I am just as skeptical as the next person if the contents inside of this new bottle justify its existence. Maker’s Mark Cask Strength was already such a great product and seemed tame enough that it could be enjoyed by even new bourbon drinkers.
So do we really need this? There’s only one way to find out. I sampled this neat in a glencairn.
Nose: The nose comes off as light and fruity initially. Scents of raisins and cherries along with caramel and butterscotch pudding eventually become overwhelmed by a sharper cinnamon spice. There are also notes of butter pie crust too.
Palate: Cinnamon spice and a bit of oak may be the #1 culprit behind the drying effect and thin-ish mouthfeel I first come across. There are still a lot of fruits like cherry compote, raspberries, dates and plums but they’re not as influential as I’m making them sound.
The sweetness I was expecting is somewhat lacking because the caramel notes taste more burnt and the chocolate note tastes slightly more bitter, like a baker’s chocolate.
Finish: Over-done cinnamon rolls couple with oak on the finish and start to block the tiny bit of fruit juice flavors that are present. The finish is moderate and I like it enough, but it’s surrendered something here that I just can’t put my finger on.
If I were to sum up my experience with Maker’s Mark 101 in just one sentence, it would be that it’s a simple, easy-to-drink bourbon that’s dry and fruity and does what it’s designed to do.
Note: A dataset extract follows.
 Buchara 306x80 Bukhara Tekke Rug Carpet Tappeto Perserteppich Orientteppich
But of course I have more to say that just that. I just don’t see the huge need for this label extension. Fans of Maker’s Mark and those that know the ins-and-outs of the brand know what they’re capable of. Maker’s has the capability to be so much more magical if their bean counters weren’t so hell-bent on making their bourbon so boring.
They know how good it can be with extra age and without all of the damn barrel rotations that they do to achieve a consistent flavor profile. And yet they still deny us. They play it safe by giving us a new product that is so vanilla and predictable that it’s basically the Toyota Camry of the bourbon world. But even Toyota saw that the Camry was perceived as the most boring car in the world and purposefully addressed that stigma with their most recent redesign. Can Maker’s do that too?
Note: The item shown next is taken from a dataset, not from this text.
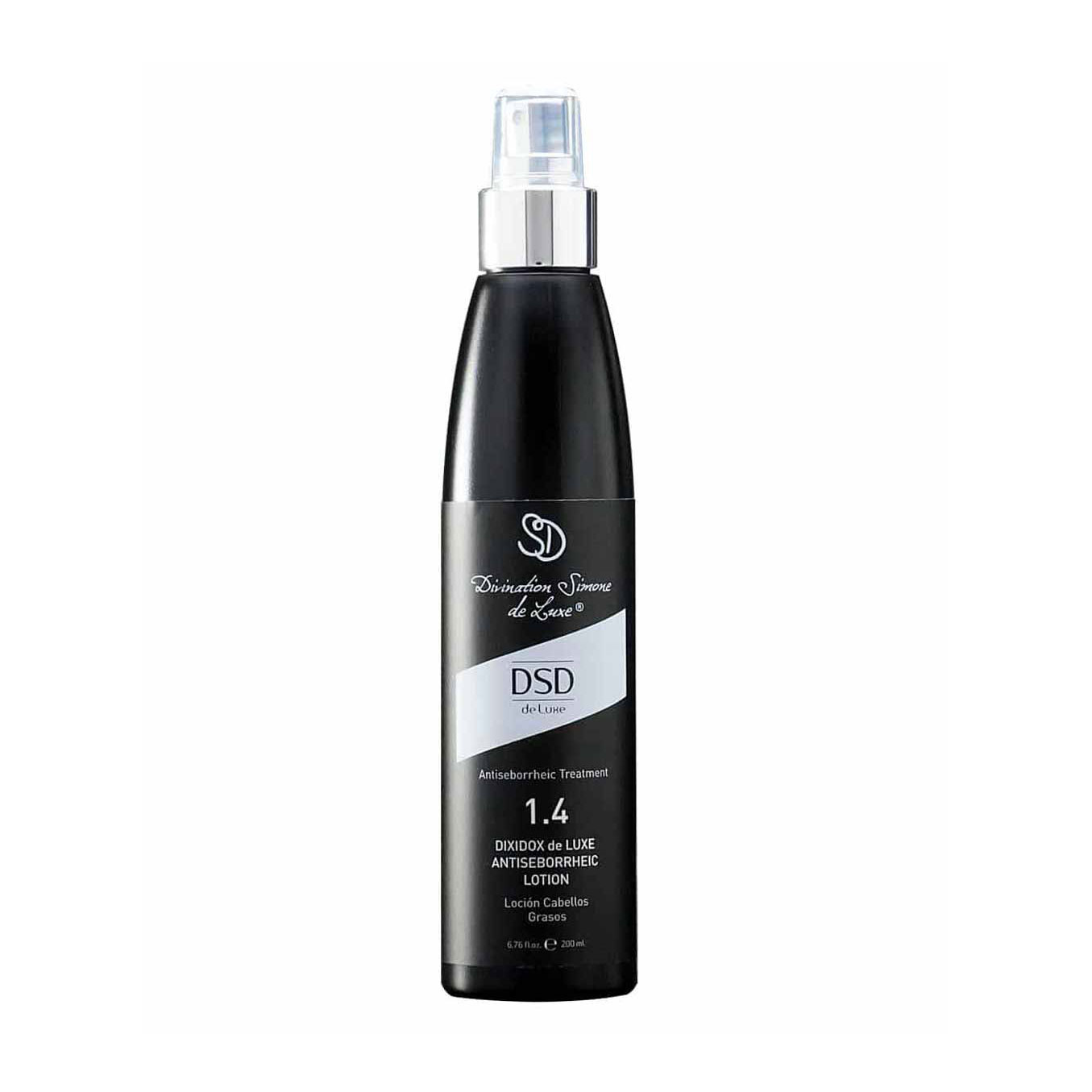 Антисеборейний лосьйон для волосся та шкіри голови DSD de Luxe 1.4 Dixidox de Luxe Antiseborrheic Lotion, 200 мл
Either Maker’s is playing the waiting game by letting a bunch of their barrels finally age for more than 6-7 years (maybe for a new limited edition?!) or they’re just out of touch with what bourbon enthusiasts want.
I sincerely hope it’s the former. Bourbon enthusiasts already tend to ignore Maker’s Mark Cask Strength and Private Selects because they’re so uniformly predictable across the board.
The crazy part is that the Maker’s overlords at Beam-Suntory have seen the hype that can be had when they allow Knob Creek barrels age for 15 years and release those at close to barrel strength. The market went crazy and those barrels are now long gone because we all knew what an unbelievably good deal they were.
So is Maker’s 101 worth it? Probably not. For about $15 more, just buy the Cask Strength product if you want to taste Maker’s at its best.
There’s nothing wrong with the 101 but it just seems so pointless to continue to release such boring products year after year when they could dedicate something like 1 warehouse of barrels to giving enthusiasts the highly aged, cask strength products we crave.
If ever there was a time to announce that a 10 year age stated product was on its way, that time would be now.
1 | Disgusting | Drain pour (Example: Jeffers Creek)
2 | Poor | Forced myself to drink it
3 | Bad | Flawed (AD Laws 4 Grain BiB, Clyde Mays anything)
4 | Sub-par | Many things I’d rather have (Tincup 10 year)
5 | Good | Good, solid, ordinary (Larceny, Sazerac Rye)
6 | Very Good | Better than average (Buffalo Trace, OGD BiB)
7 | Great | Well above average (Old Ezra Barrel Proof, Old Weller Antique)
8 | Excellent | Exceptional (Michter’s Barrel Proof Rye, Four Roses Barrel Strength)
9 | Incredible | Extraordinary (GTS, 13 Year MGP or Canadian Rye)
10 | Insurpassable | Nothing Else Comes Close (William Larue Weller)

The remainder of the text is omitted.